Your copy should contain exactly the lines from the start of the listing through the line that holds "DYSHAYEN Wristlet Bracelet", and no pictures.

- _Data shown_
▼

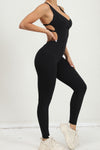 PACK2631196-P2-1, Black Solid Criss Cross Backless Active Jumpsuit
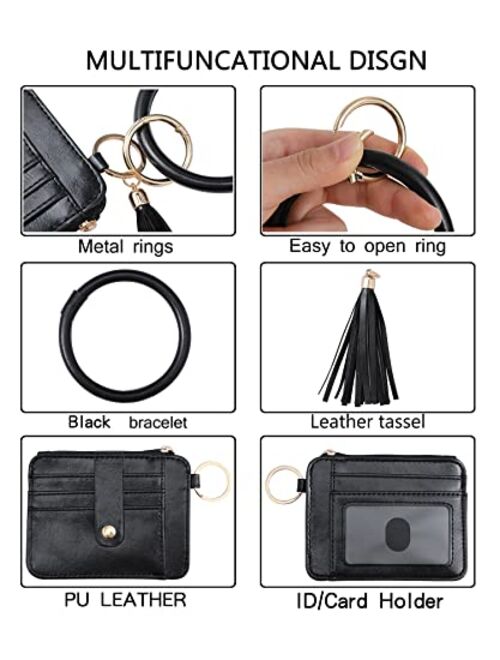 DYSHAYEN Wristlet Bracelet Keychain Wallet,Tassel Key Ring Bangle Card Holder Purse for Women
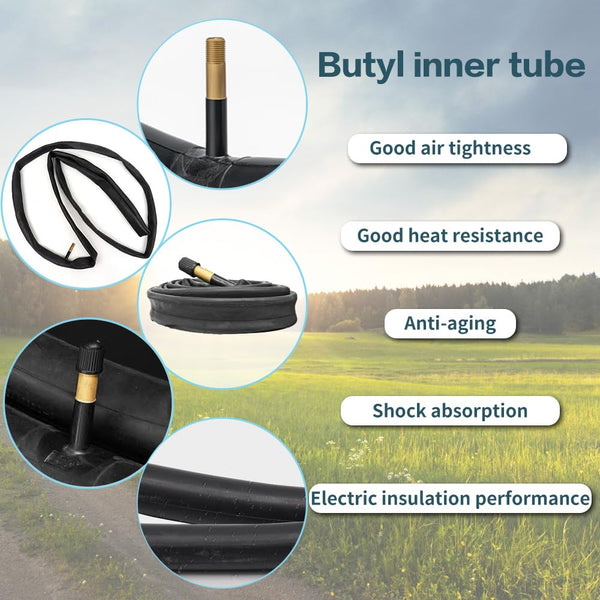 6 Pack 700c Bike Tire Tube 700 x 23c 25c 28c 30c 32c 35c 38c 40c 42c Road Bike Tubes 700C Inner Tube 48mm Presta Valve Butyl Rubber Bicycle Tube and Tire Levers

▲

- _Task solution_
 PACK2631196-P2-1, Black Solid Criss Cross Backless Active Jumpsuit
 DYSHAYEN Wristlet Bracelet Keychain Wallet,Tassel Key Ring Bangle Card Holder Purse for Women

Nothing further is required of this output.